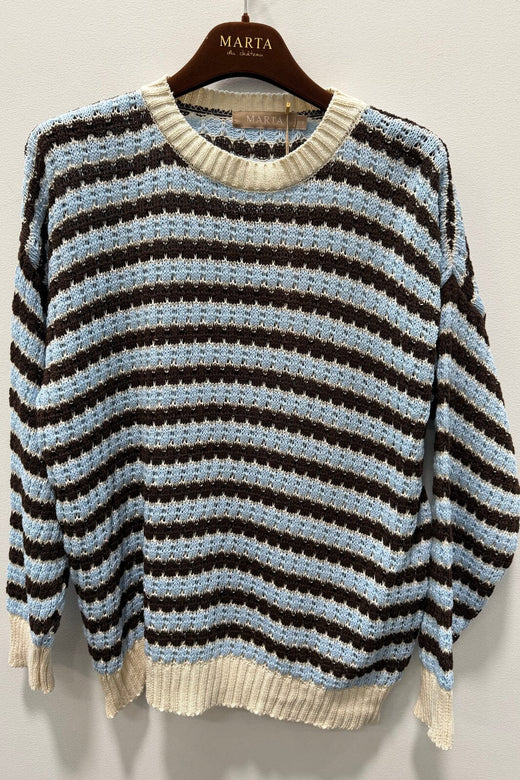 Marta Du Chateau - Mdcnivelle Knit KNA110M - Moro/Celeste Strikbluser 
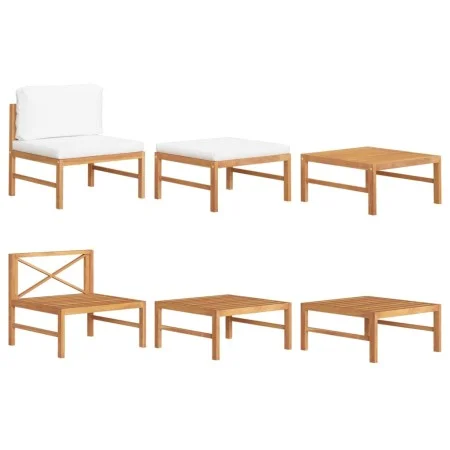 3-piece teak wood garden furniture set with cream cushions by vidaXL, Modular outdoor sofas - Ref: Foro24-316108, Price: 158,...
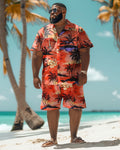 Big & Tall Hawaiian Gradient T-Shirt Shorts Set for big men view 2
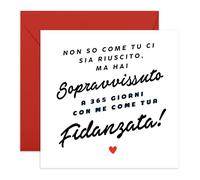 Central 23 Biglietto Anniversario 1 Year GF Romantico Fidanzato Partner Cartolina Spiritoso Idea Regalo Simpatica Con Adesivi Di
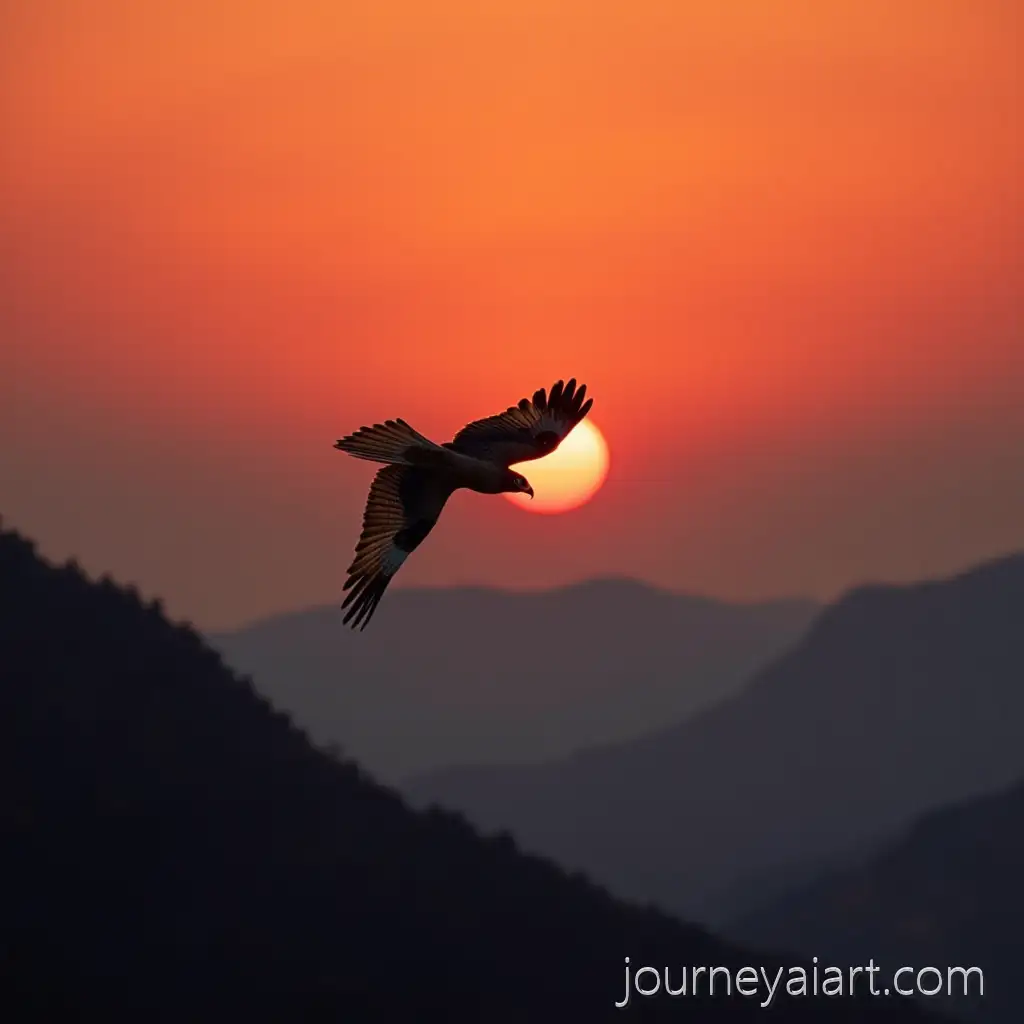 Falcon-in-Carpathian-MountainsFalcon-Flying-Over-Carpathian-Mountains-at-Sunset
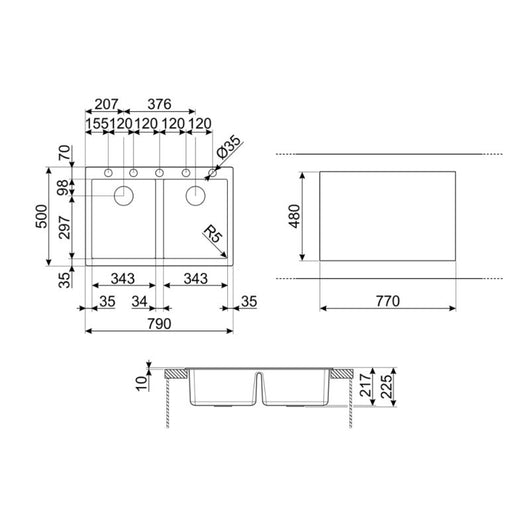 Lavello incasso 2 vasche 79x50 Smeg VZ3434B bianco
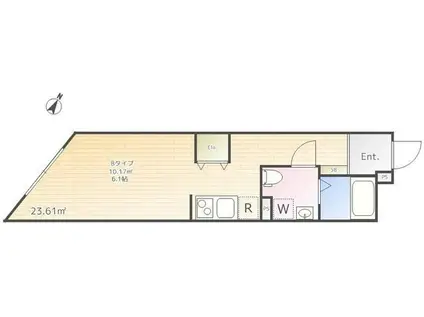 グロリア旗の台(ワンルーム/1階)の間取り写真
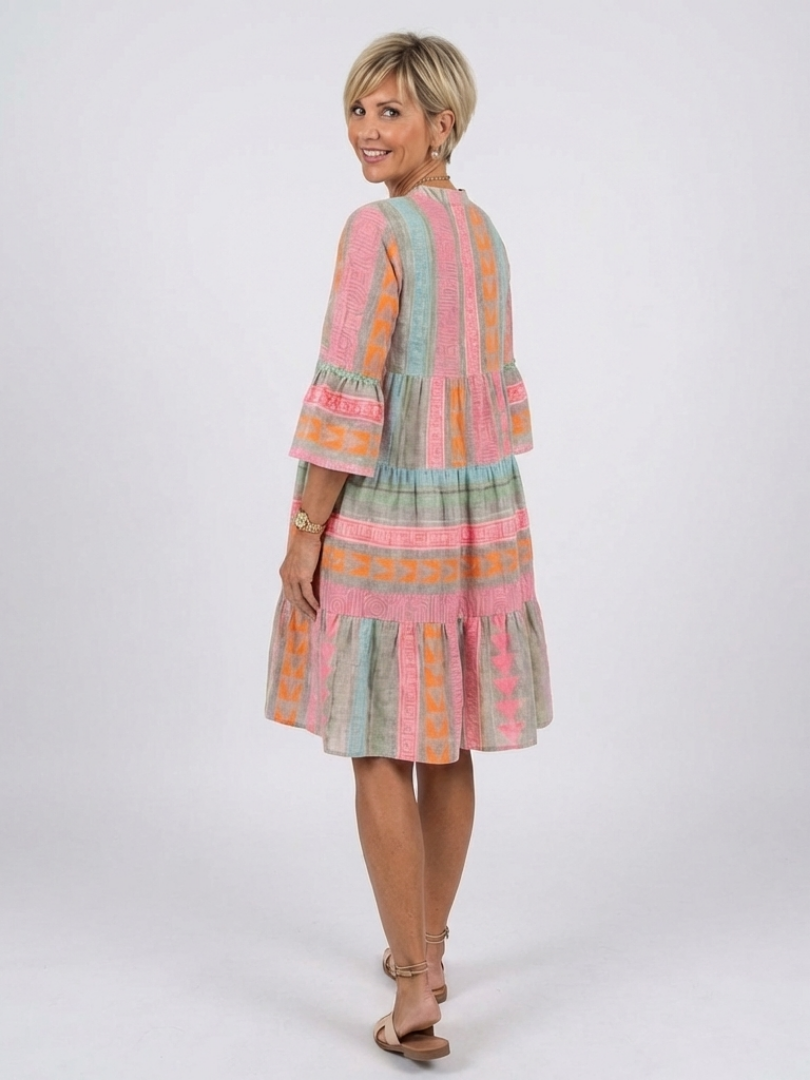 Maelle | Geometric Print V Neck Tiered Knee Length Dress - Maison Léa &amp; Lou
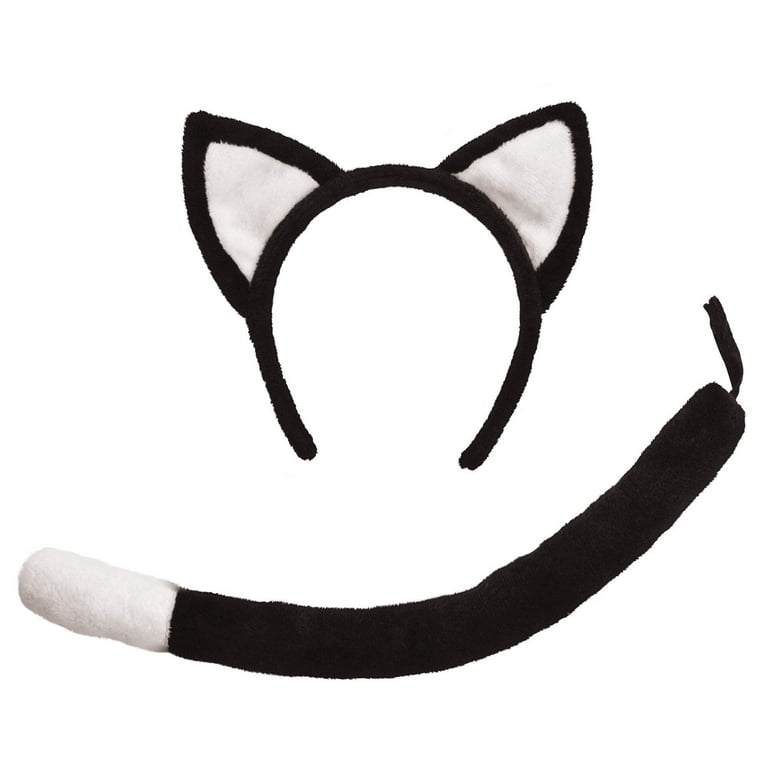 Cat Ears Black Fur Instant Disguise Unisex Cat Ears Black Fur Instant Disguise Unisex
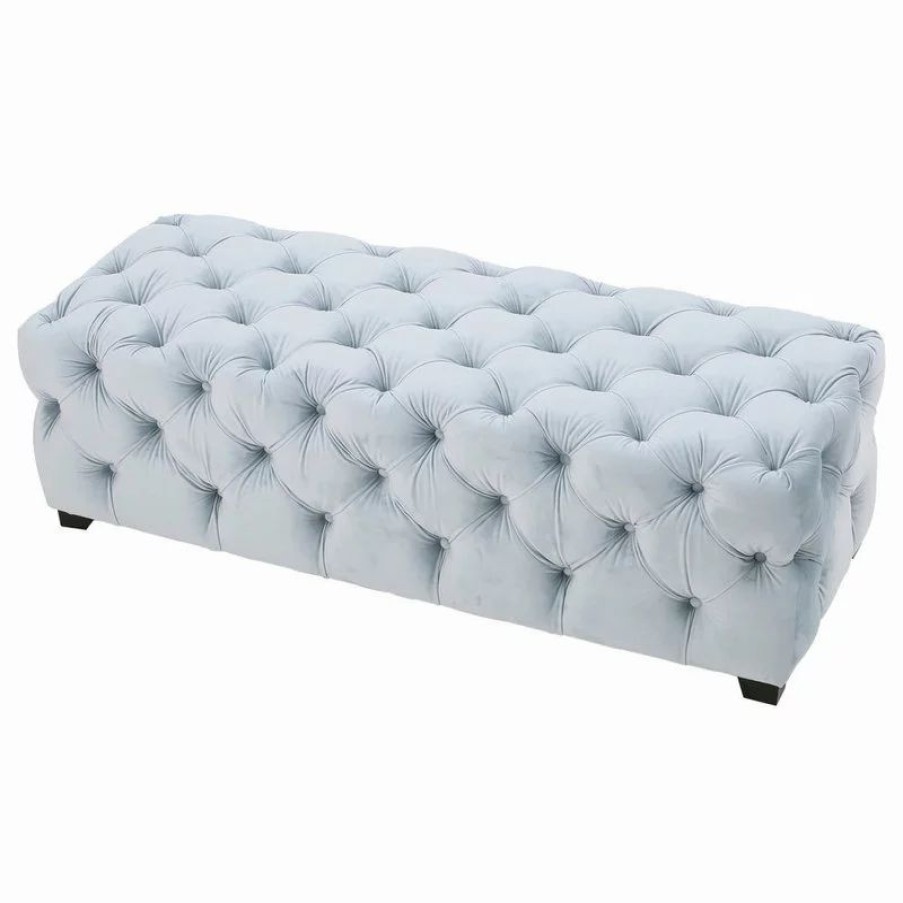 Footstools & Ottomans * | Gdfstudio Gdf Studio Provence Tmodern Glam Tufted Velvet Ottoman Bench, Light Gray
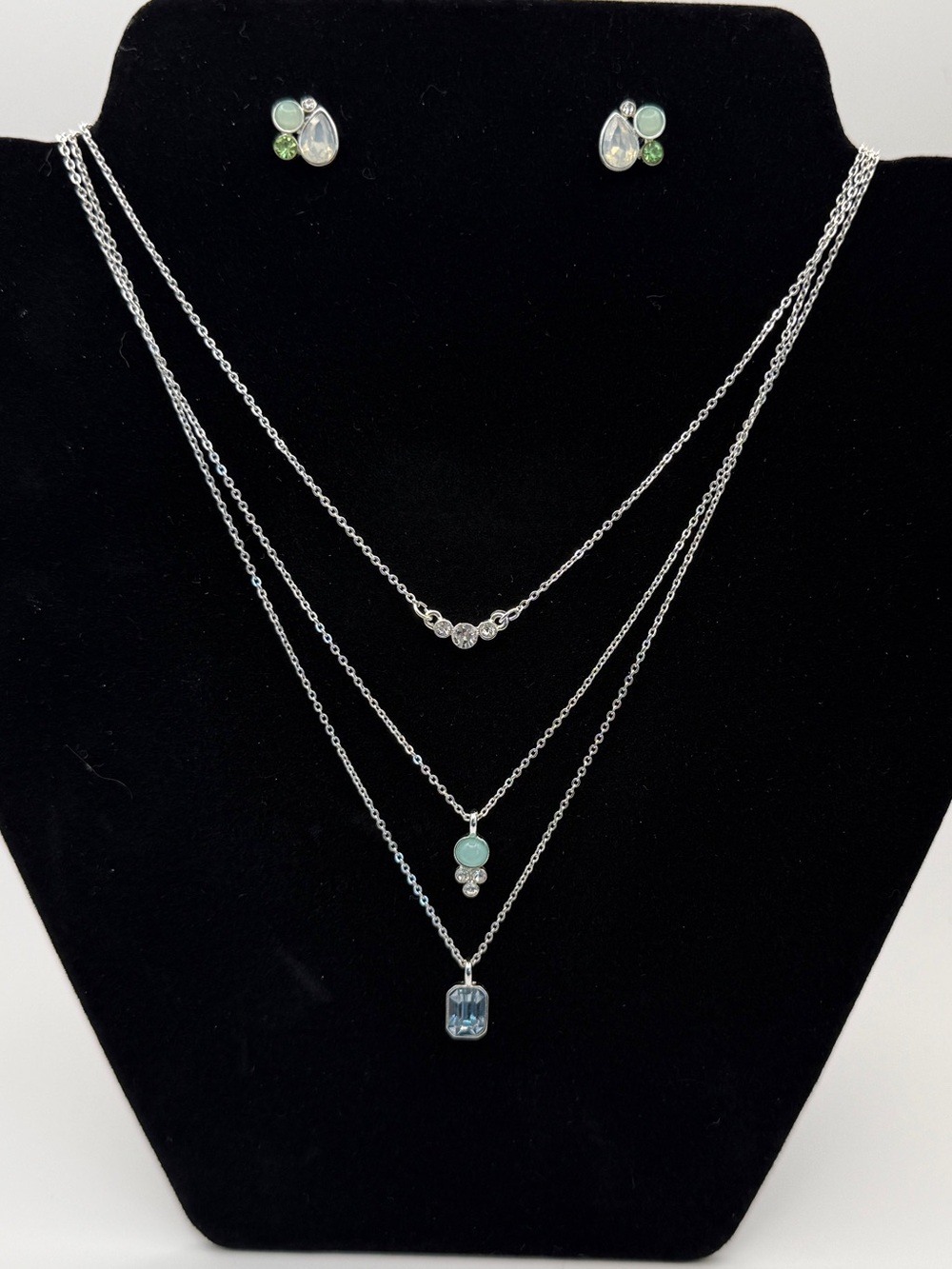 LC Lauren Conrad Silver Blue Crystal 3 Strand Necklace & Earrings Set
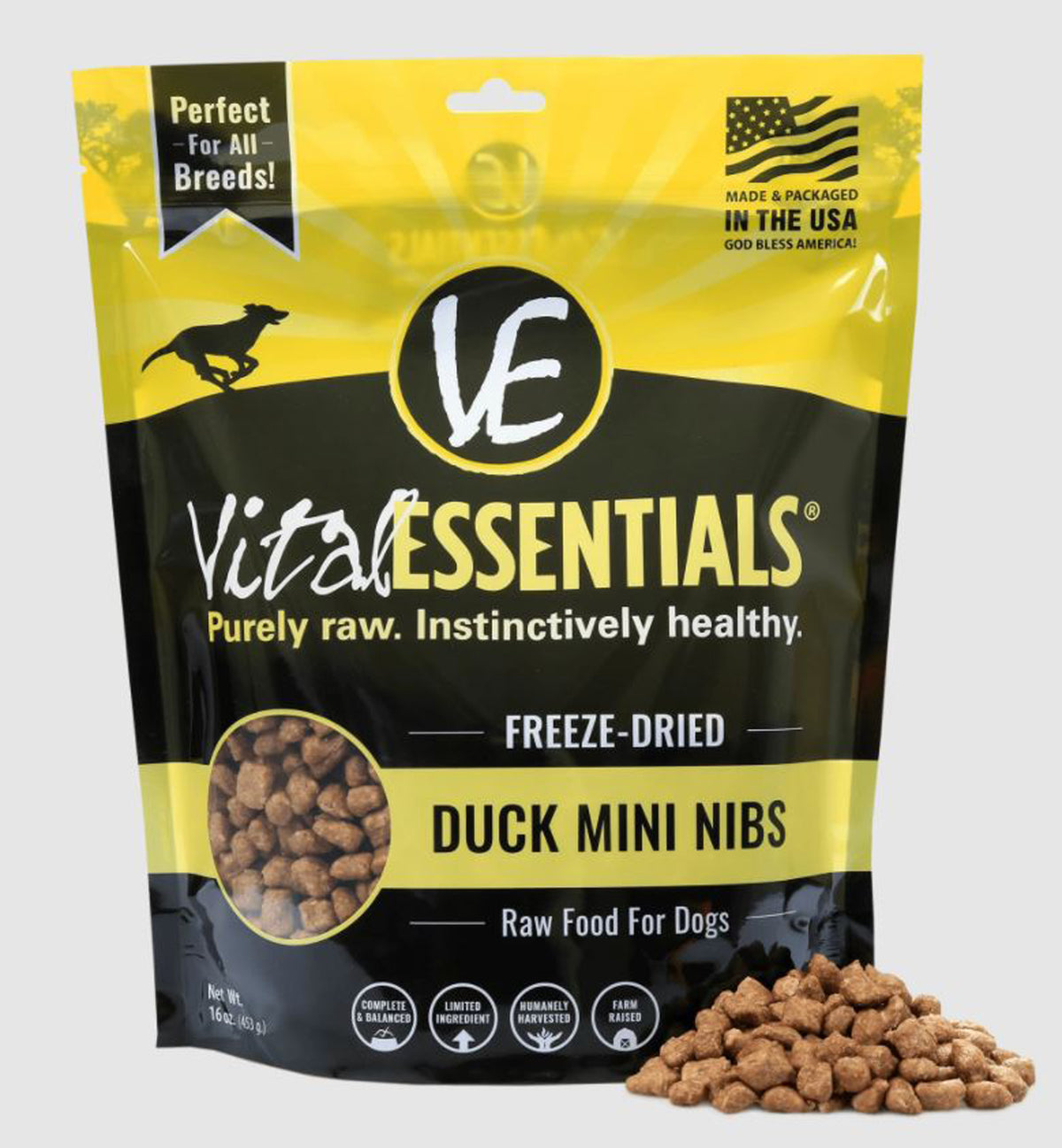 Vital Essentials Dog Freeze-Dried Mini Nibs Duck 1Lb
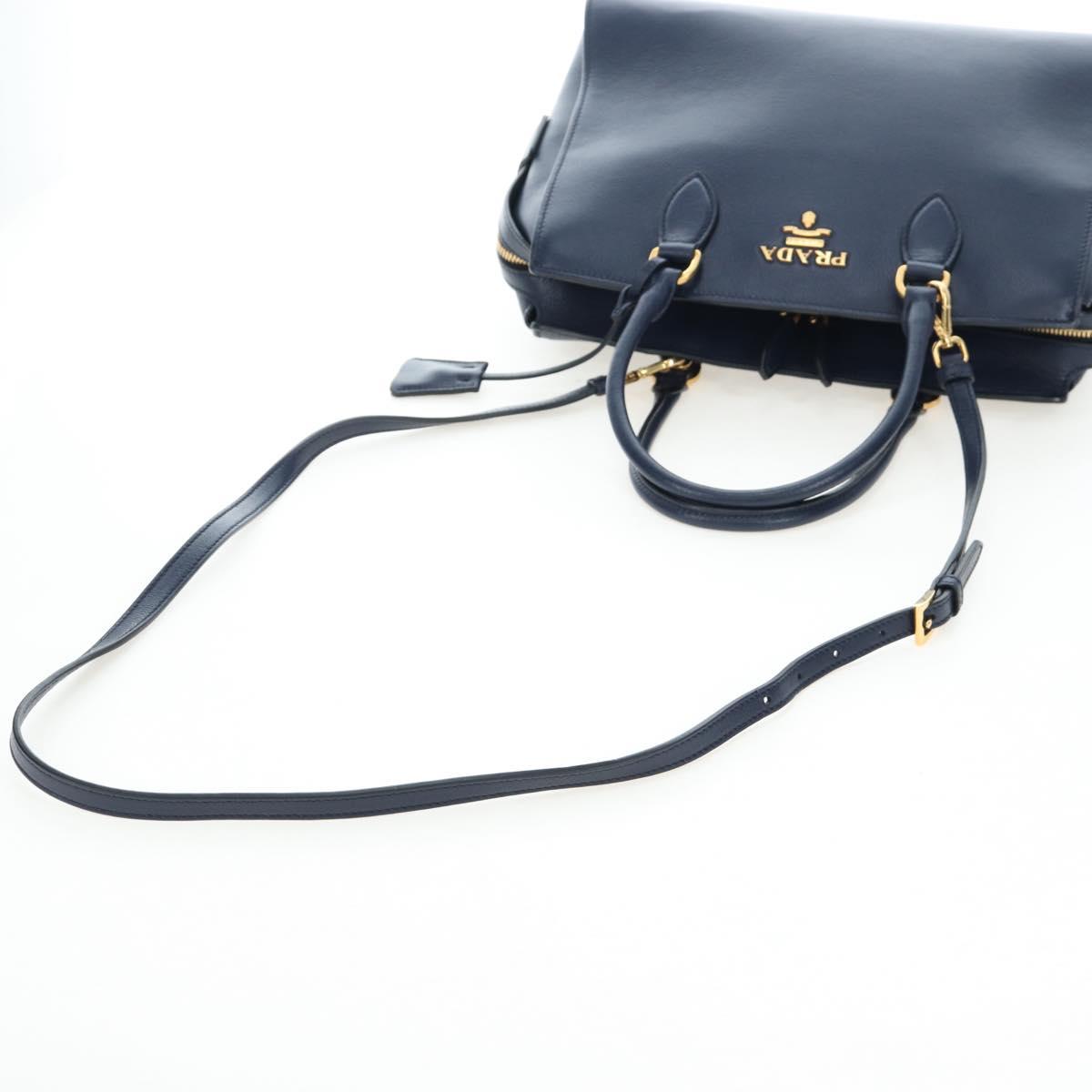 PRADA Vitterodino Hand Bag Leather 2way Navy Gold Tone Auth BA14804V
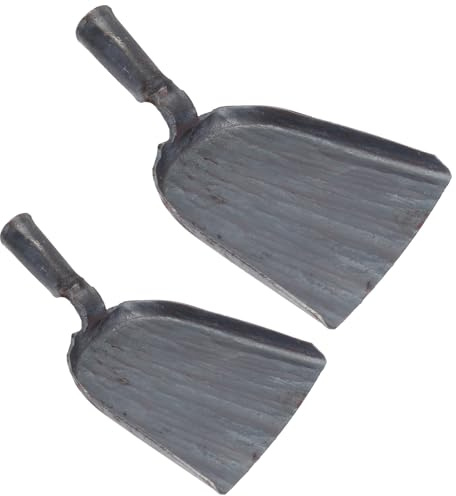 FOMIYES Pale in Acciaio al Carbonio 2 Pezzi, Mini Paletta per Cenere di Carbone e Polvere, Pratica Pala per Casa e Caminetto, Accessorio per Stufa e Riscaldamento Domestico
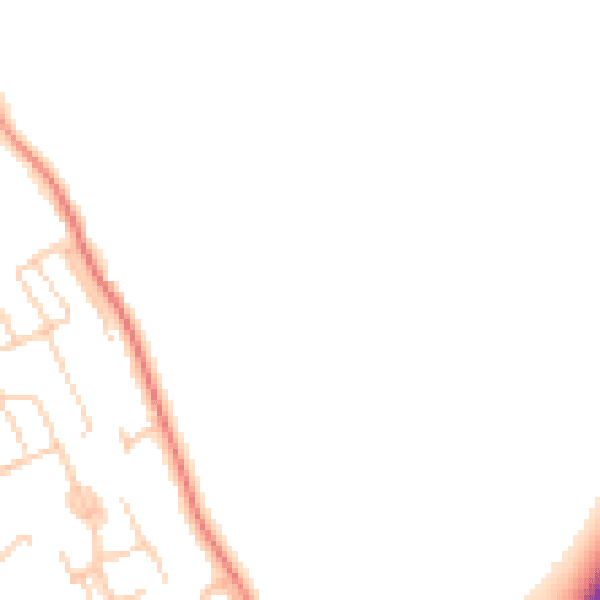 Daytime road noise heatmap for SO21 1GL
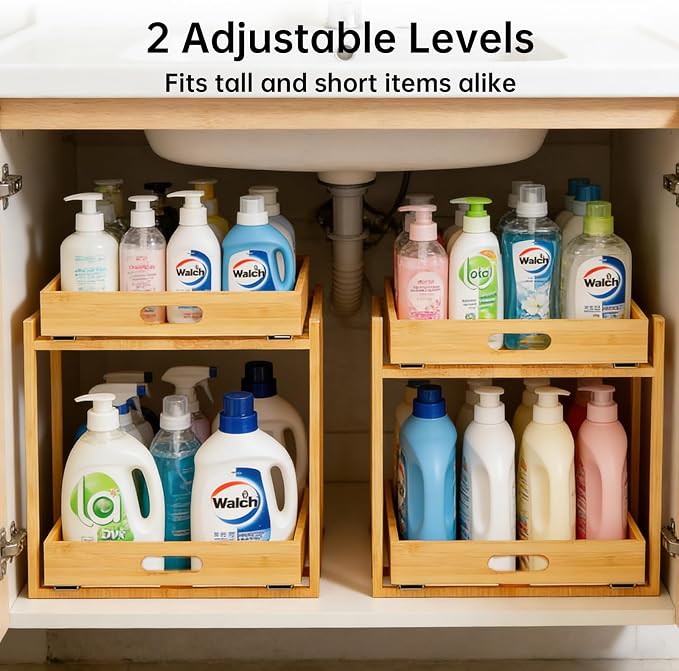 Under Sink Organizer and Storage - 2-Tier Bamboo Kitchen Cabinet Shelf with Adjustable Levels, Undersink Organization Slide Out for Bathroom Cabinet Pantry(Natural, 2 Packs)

########

◆ Directions for this task ◆
Return the material from the line containing "Central 23 Biglietto" through the line containing "グロリア旗の台(ワンルーム/1階)の間取り写真", exactly and in full, but without its pictures.

◆ Task result ◆
 Central 23 Biglietto Anniversario 1 Year GF Romantico Fidanzato Partner Cartolina Spiritoso Idea Regalo Simpatica Con Adesivi Di
 Falcon-in-Carpathian-MountainsFalcon-Flying-Over-Carpathian-Mountains-at-Sunset
 Lavello incasso 2 vasche 79x50 Smeg VZ3434B bianco
 グロリア旗の台(ワンルーム/1階)の間取り写真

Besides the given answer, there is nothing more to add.